It is generally understood that an employer is not required to compensate its employees for ordinary home to work travel. But when must an employee be paid for travel that is not part of his or her typical commute? This is a question many businesses struggle with, especially as travel has become more and more a necessary part of many employment positions.
There are generally four circumstances outlined in the Fair Labor Standards Act (“FLSA”) in which an employer must pay its employees for travel time:
An employer must compensate its employees for travel time in certain emergency situations. For example, if an employee who has gone home after completing his or her day's work is later required to travel a substantial distance to perform an emergency job for his or her employer, the employee must be paid for all of that travel time. However, the employer is not required to compensate its employee for travel time if the employee is only required to report back to his or her regular workplace to perform an emergency job after returning home for the day.

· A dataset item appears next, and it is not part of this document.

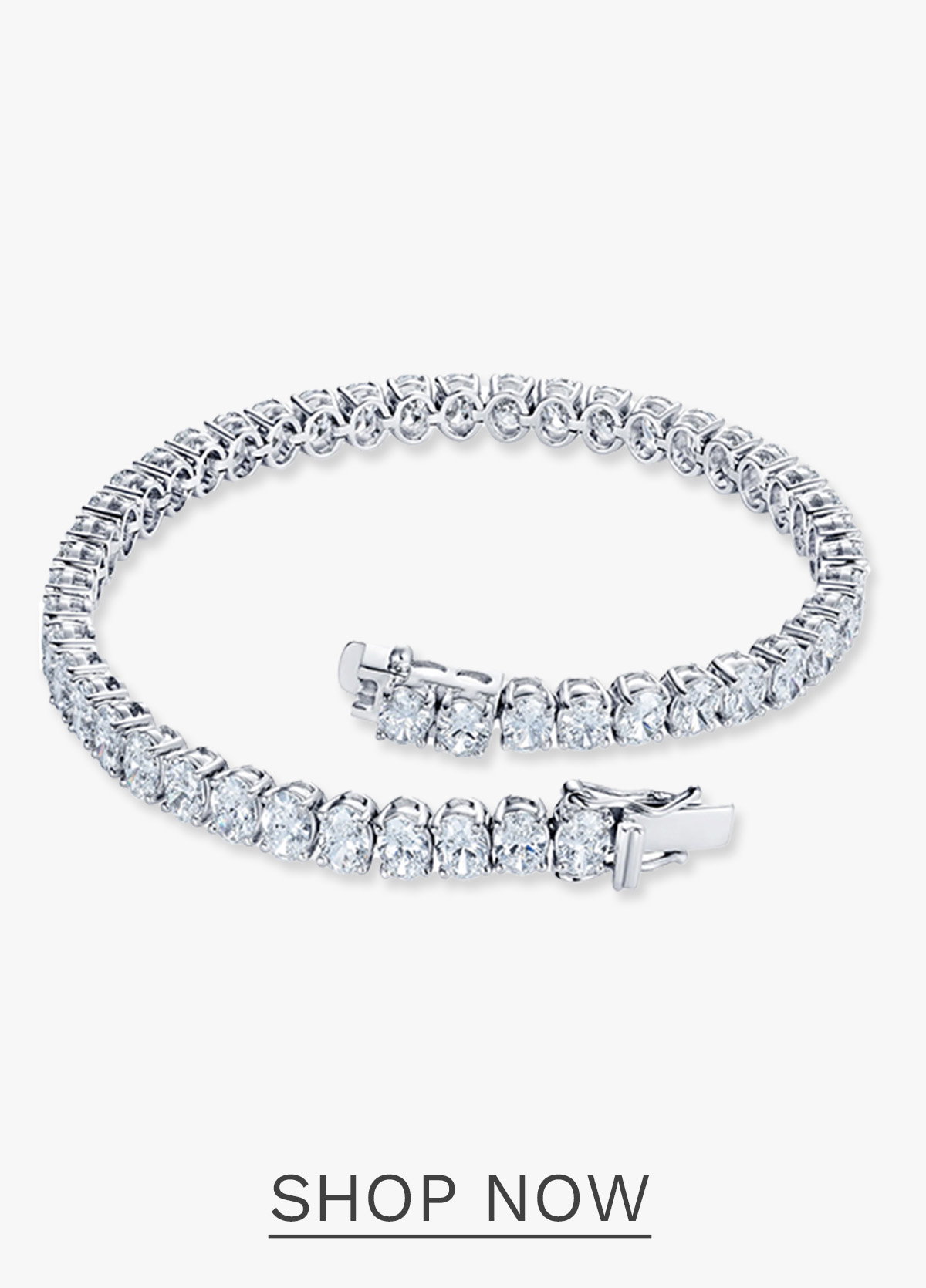 LUXE 10.00ct Lab Diamond Tennis Bracelet with IGI Certified Oval-Cut Diamonds in 18K White Gold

An employee must be paid for time spent travelling as part of a special assignment outside his or her normal workplace. Suppose an employee who regularly works in Manchester from the hours of 9 a.m. to 5 p.m. is asked to report for a special one-day assignment in New York with instructions to depart Manchester on a 7 a.m. bus. The employee arrives in New York at 12 p.m., the assigment is completed at 3 p.m. and the employee returns to the Manchester bus station at 9 p.m. In that case, the employee must be paid for all travel time, except for the time spent travelling from the employee’s home to the bus station, which would be considered ordinary home-to-work travel. The employer may also deduct for a usual meal time.
All In A Day’s Work
An employee who travels as part of his or her typical workday must be paid for that travel time. This would include the travel time spent by an employee required to report to a designated location or jobsite to receive instructions, perform work or pick up tools. In addition, if, for example, an employee who normally finishes work at 5 p.m. has to travel to another jobsite and then is required to return to the regular workplace arriving at 9 p.m., he or she must be paid for all of that travel time. However, in that scenario, if the employee goes straight home from the jobsite at 8 p.m., the time spent travelling home would be considered ordinary home-to-work travel for which the employee need not be compensated.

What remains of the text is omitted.